Since the **0**'s and **1**'s have to be grouped consecutively, we only have to be concerned with the most recent two groups (**curr, prev**) at any time as we iterate through the input string (**s**). Since each addition to our answer (**ans**) must therefore be centered on the "edge" between the two groups, we should be able to count multiple increases to **ans** at the same time.

For example, if we find a group that is **"0001111"**, then we know that we've found multiple answer counts centered on the **"01"**. Each additional extra character on both sides will be an extra answer, which means that **"0011"** and **"000111"** are also answers. In other words, the number that we should add to **ans** is equal to **min(zeros, ones)**, or **3** in this example.

So we can now iterate through **s**, keeping track of the **curr** and **prev** groups, and when we find the end of a group, we can calculate our addition to **ans** and then swap the two variables while resetting **curr** to **1**.

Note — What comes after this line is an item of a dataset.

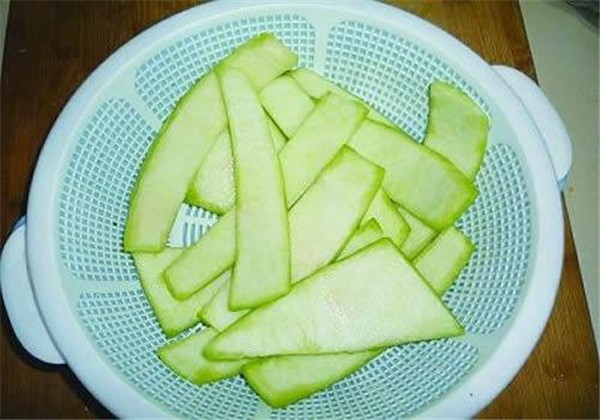 西瓜皮敷脸多长时间，关于西瓜皮敷脸的学问你都知道吗 护肤 第1张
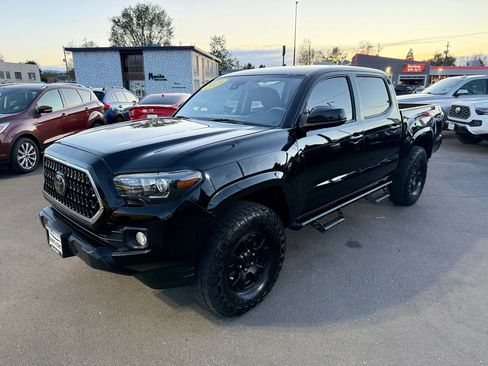 Used 2019 Toyota Tacoma SR w/ SR Convenience Package image 5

Since we're going to be comparing **s[i]** to **s[i-1]** to see if the character has changed, we'll need to start our iteration with **i = 1** which means we should define a starting value for **curr** of **1**. Also, since the end of **s** is technically the end of a group, we should add another **min(curr, prev)** onto **ans** before we **return ans**, as it won't be accounted for in the iteration through **s**.

**Time Complexity: O(N)**where**N**is the length of**s****Space Complexity: O(1)**

####
*Implementation:*

*Implementation:*

There are only minor differences in the code for all four languages.

####
*Javascript Code:*

*Javascript Code:*

(*Jump to*: *Problem Description* || *Solution Idea*)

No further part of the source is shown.